On the afternoon of 23 June, Victor Chapman took off from the aerodrome at Behonne, head still bandaged from his wound of six days earlier. He carried with him a package of newspapers, chocolate, a letter Balsley had just received in the mail, and some oranges that Victor had somehow managed to acquire. Chapman's plan was to join up with Thénault, Lufbery, and Prince, who had already taken off for a patrol over the lines, and afterward, as he told his mechanic, Louis Bley, "to take the oranges and chocolate to poor Balsley at the hospital, for I think there is little hope of saving him." Bley put the package in the airplane and shook hands with Chapman, who said, "Au revoir, I shall not be long."

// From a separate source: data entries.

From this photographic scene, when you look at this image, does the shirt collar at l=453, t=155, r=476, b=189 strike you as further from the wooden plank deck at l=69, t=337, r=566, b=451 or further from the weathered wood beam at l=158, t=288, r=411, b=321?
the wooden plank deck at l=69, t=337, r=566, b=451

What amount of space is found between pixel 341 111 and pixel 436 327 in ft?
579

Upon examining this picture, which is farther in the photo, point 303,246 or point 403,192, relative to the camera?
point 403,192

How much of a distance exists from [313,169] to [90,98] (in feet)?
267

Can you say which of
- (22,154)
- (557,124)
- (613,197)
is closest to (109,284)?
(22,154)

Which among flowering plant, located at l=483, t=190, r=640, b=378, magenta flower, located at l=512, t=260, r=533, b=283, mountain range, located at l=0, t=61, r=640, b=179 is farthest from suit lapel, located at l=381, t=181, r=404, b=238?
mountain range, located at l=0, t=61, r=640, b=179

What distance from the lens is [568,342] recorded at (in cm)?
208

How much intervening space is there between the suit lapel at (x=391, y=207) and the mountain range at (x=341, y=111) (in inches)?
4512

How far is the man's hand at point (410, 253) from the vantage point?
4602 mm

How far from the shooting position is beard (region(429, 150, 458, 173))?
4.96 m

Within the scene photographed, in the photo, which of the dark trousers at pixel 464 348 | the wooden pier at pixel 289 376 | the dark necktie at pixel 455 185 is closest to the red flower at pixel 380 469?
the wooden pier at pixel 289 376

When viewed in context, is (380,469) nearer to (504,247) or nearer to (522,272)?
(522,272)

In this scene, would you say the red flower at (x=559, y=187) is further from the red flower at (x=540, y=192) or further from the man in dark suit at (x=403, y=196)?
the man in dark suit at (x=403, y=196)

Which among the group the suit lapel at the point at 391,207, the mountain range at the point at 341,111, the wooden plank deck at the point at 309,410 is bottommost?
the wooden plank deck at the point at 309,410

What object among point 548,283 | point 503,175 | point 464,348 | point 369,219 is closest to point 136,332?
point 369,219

Exactly what happened to Chapman on this last mission will never be known, but a French Maurice Farman crew operating in the vicinity later reported a lone Nieuport desperately battling four enemy fighters northeast of Douaumont. They saw the Nieuport go down out of control and break into pieces in the air. It could only have been Chapman.
Victor Chapman |
Victor Chapman's loss was a crushing blow to the squadron. The squadron's first fatality brought the grim reality of war painfully close to home—and as one of the most popular and courageous members of the squadron, his absence was keenly felt by his fellow pilots. However, given the reckless abandon with which Chapman flew, it was only a matter of time.
Those with whom he flew knew it, as did he himself. As he related to his "Uncle Willy"—William Astor Chanler—only three days before his death, "Of course I shall never come out of this alive." McConnell wrote of Chapman:
Considering the number of fights he had been in and the courage with which he attacked it was a miracle he had not been hit before. He always fought against odds and far within the enemy's country. He flew more than any of us, never missing an opportunity to go up, and never coming down until his gasoline was giving out.
His machine was a sieve of patched-up bullet holes. His nerve was almost superhuman and his devotion to the cause for which he fought sublime.
Kiffin Rockwell was especially affected by Victor's loss, as he wrote to his brother on the day of Chapman's death:
Well, I feel very blue to-night. Victor was killed this afternoon . . .There is no question but that Victor had more courage than all the rest of us put together. We were all afraid that he would be killed, and I rooming with him had begged him every night to be more prudent. He would fight every Boche [German] he saw, no matter where or what odds . . . I am afraid it is going to rain to-morrow, but if not, Prince and I are going to fly about ten hours, and will do our best to kill one or two Germans for him.
Escadrille Commander Capitaine Thénault wrote simply, "Glory to Chapman, that true hero! Men like him are the pride of a nation, their names should ever be spoken with respect."
At a ceremony on 28 June 1916, Chapman was posthumously promoted to sergeant and awarded the Croix de Guerre. Chapman's remains (it is believed) are buried at the Meuse-Argonne Cemetery, and he is commemorated at the Lafayette Escadrille Memorial outside Paris.
Originally Presented in Over the Top, September 2016
Regarding the disposition of Chapman's remains, he was originally buried by the Germans, but when the body thought to be his was later transferred to the Meuse-Argonne Cemetery, discrepancies were noted that cast doubt on it being Chapman's. For this reason, it was not later transferred to the crypt lying beneath the Lafayette Escadrille Memorial.